Elizabeth M Greene, assistant professor, Roman Archeology, Department of Classis, University of Western Ontario has been studying the role of women in ancient Rome, and it army. While in a museum studying plaster casts of the various scenes depicted on the column, she noticed something that seems obvious, but somehow has somehow escaped “legions” of scholars for so many decades.Listen
Women have always been thought to have had no official role in the activities of the Roman army.
For example, common soldiers were not allowed to marry. While high ranking officers were allowed wives and families with them, it was again thought that they were relegated to remain behind the scenes.
Classical texts and scholarly studies of the Roman army also make very little mention of women.

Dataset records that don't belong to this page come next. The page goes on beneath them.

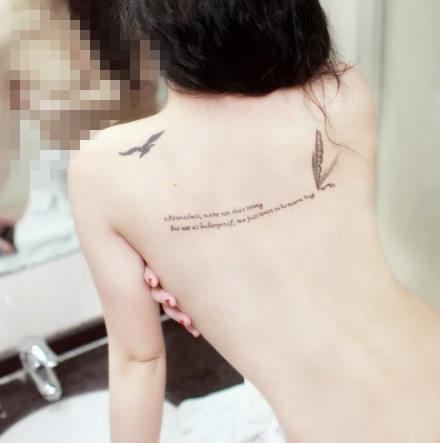 女性背部大雁英文字符刺青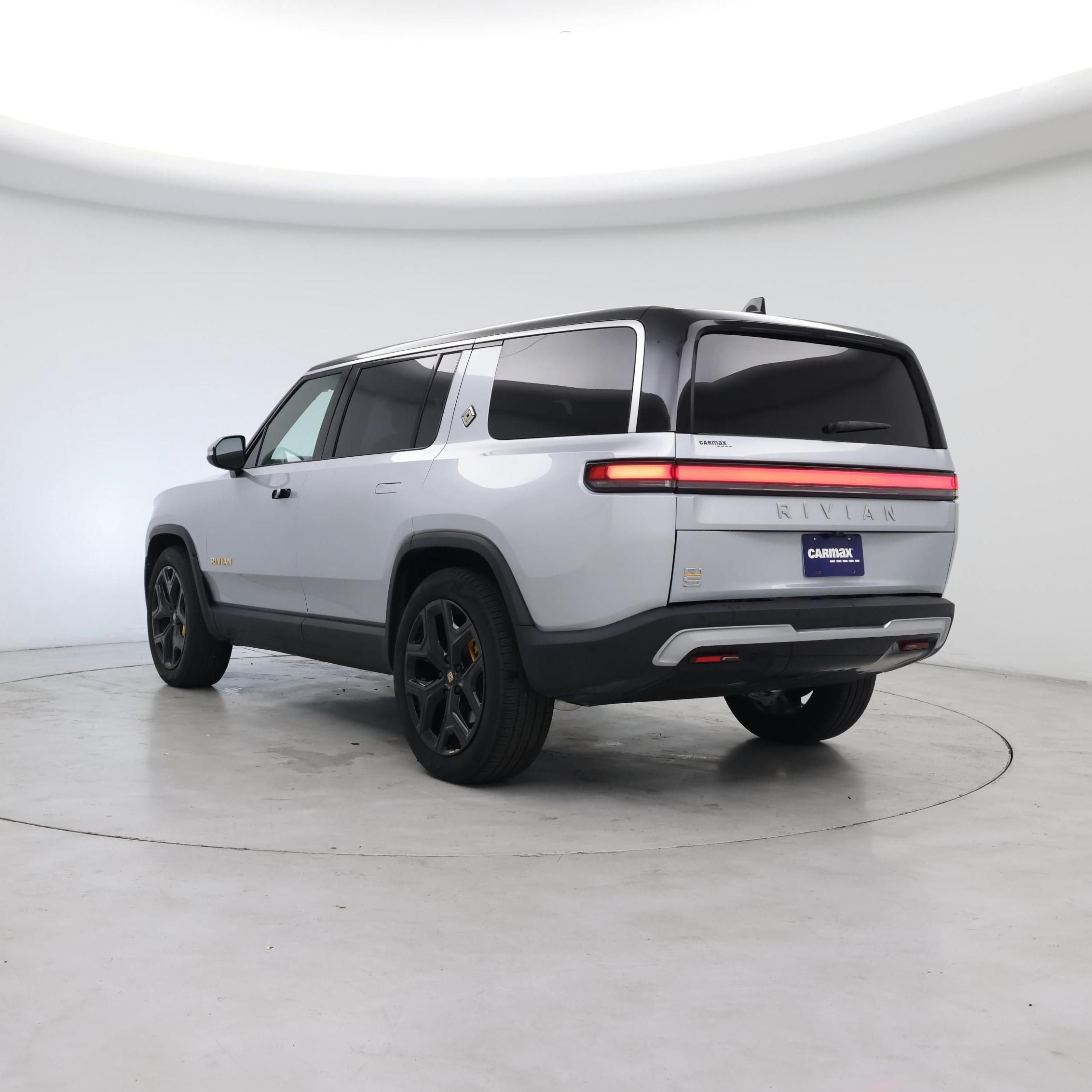 Thumbnail: 2023 Rivian R1S - 2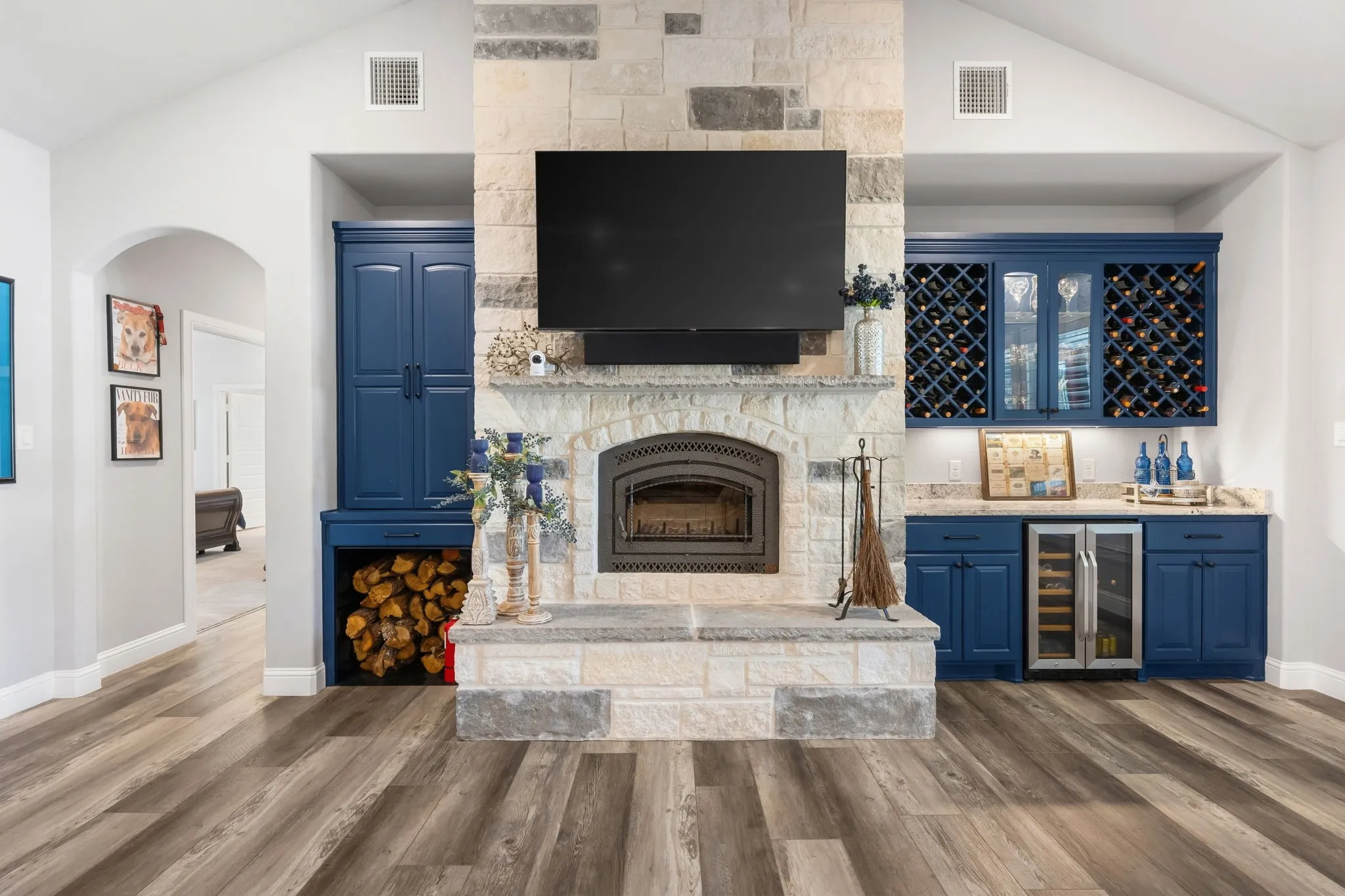 Single Family Residence For Sale in Erath County , 1665 Overlook Ridge, Bluff Dale, Texas 76433, 3 Bedroom, 2 Bathroom, 3 Garage spaces, 2,670 Sqft, built in 2022, mls#21335701, Real Estate Agent in Bluff Dale, Homes For Sale in Erath county, Homes For Sale in Bluff Dale, Realtor in Bluff Dale Texas, Real Estate Brokerage Independent Realty Texas, Luminita Cordes Realtor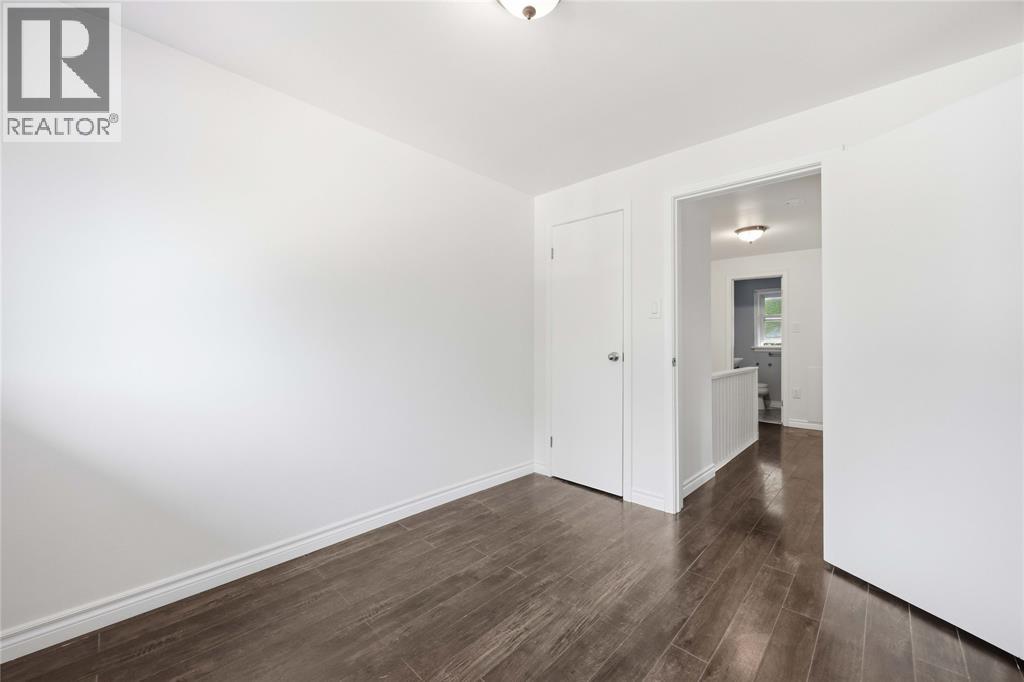 690 Kember Avenue — photo 17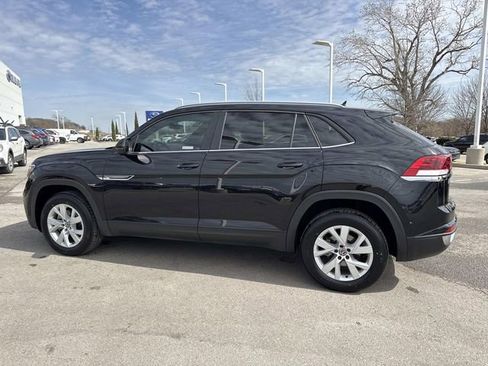 Used 2021 Volkswagen Atlas Cross Sport S image 6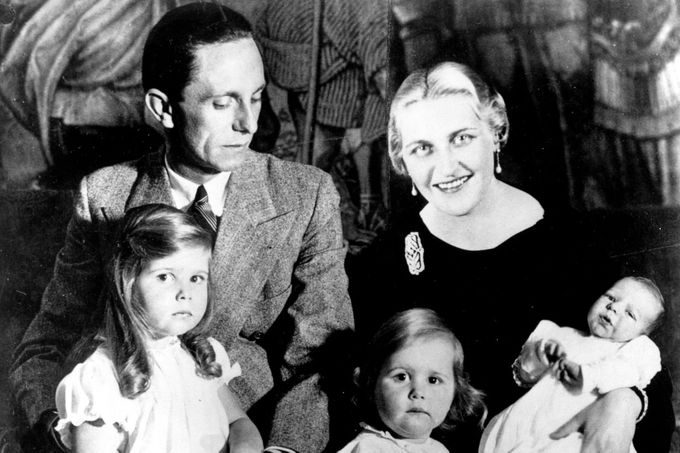Joseph Goebbels s manželkou Magdou Goebbelsovou a dětmi.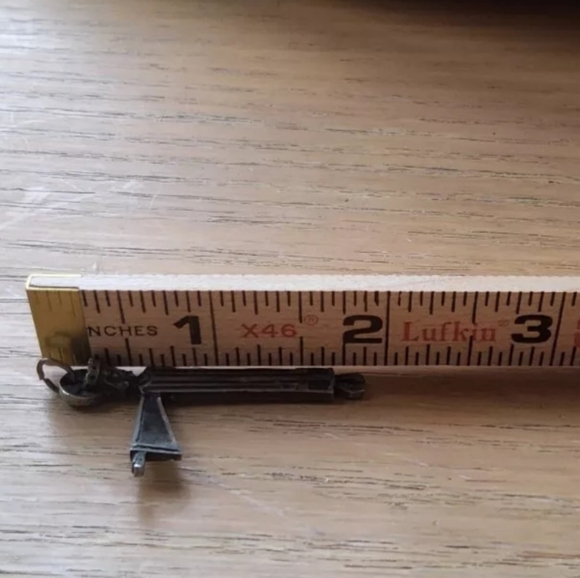 Italian man Made cross of Jesus Body from Italy silver tone. No marking. Vintage - Picture 5 of 7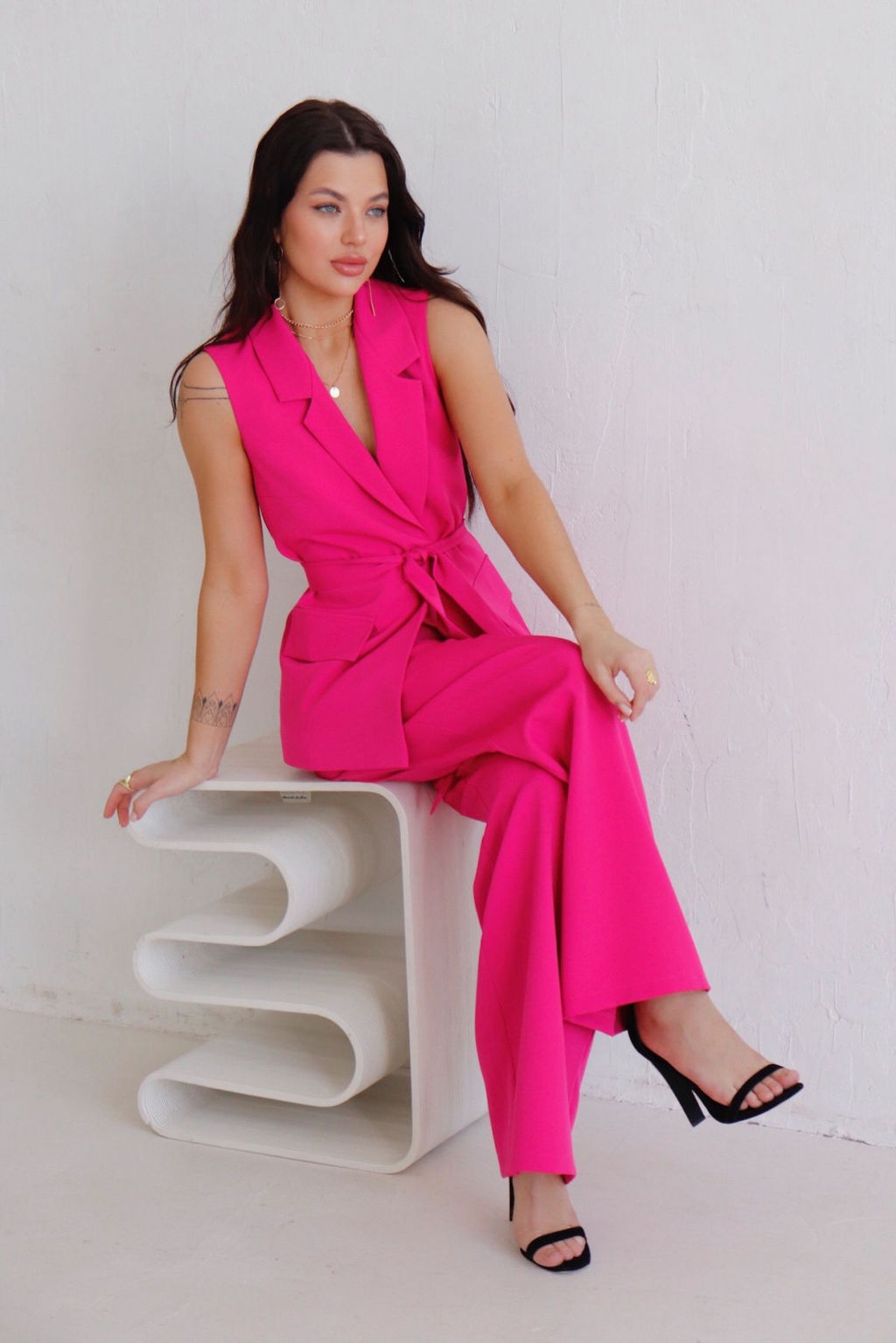 12480 Костюм брючный с жилетом ярко-розовый - Martichelli фото 5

In official ceremonies and religious rites however, boys, probably the sons of officers, were allowed to participate as assistants, holding the offerings.
Professor Greene, in studying the relief and particularly characters in scenes which had always been identified as boys, realized that six of them weren’t boys at all, but girls and women.
She says it could be simply a case of you see what you’re looking for, and it’s a detail most “military” scholars wouldn’t be seeking.
The professor at the university in London Ontario, who studies the Roman army and women’s roles, says these were probably wives and daughters of officers, and that women may have been more present that had previously been thought.
Recent discoveries at archaeological sites have turned up other evidence of women at camp sites, including things like shoes which clearly belonged to women.
In addition, almost half the plaques or “diplomas” given to provincial soldiers who had served 25 years with the army mentioned a wife and children.
Professor Greene says evidence indicates that there was probably a very large community that followed the army either established around its forts or following it on campaigns, with de-facto wives providing a number of services needed by the army.
This would especially be the case as stability in areas was established and actual towns evolved around forts.
Greene points out that the image of “camp followers” or prostitutes accompanying the army is very likely not nearly as prevalent as previously thought, whereas the presence of de-facto wives was in turn probably more prevalent, and that they would have had to work, providing services to augment the very low pay of their soldier/husbands.
In presenting her evidence to a major international gathering of archaeologists recently, it was agreed by all that there had been a long-standing misinterpretation, and that these were in fact women present during the campaign participating in the religious event.
She notes that because Roman Legions often engaged locals to augment their force, the army, and undoubtedly the surrounding support community connected to the soldiers, could be a fairly diverse, or “multi-cultural” as well.
She notes that as scholars continue to study and discover new things about Roman life, they are also continuing to discover how many aspects have come down through the centuries to either affect or are otherwise represented in present day situations, polical, social, and military.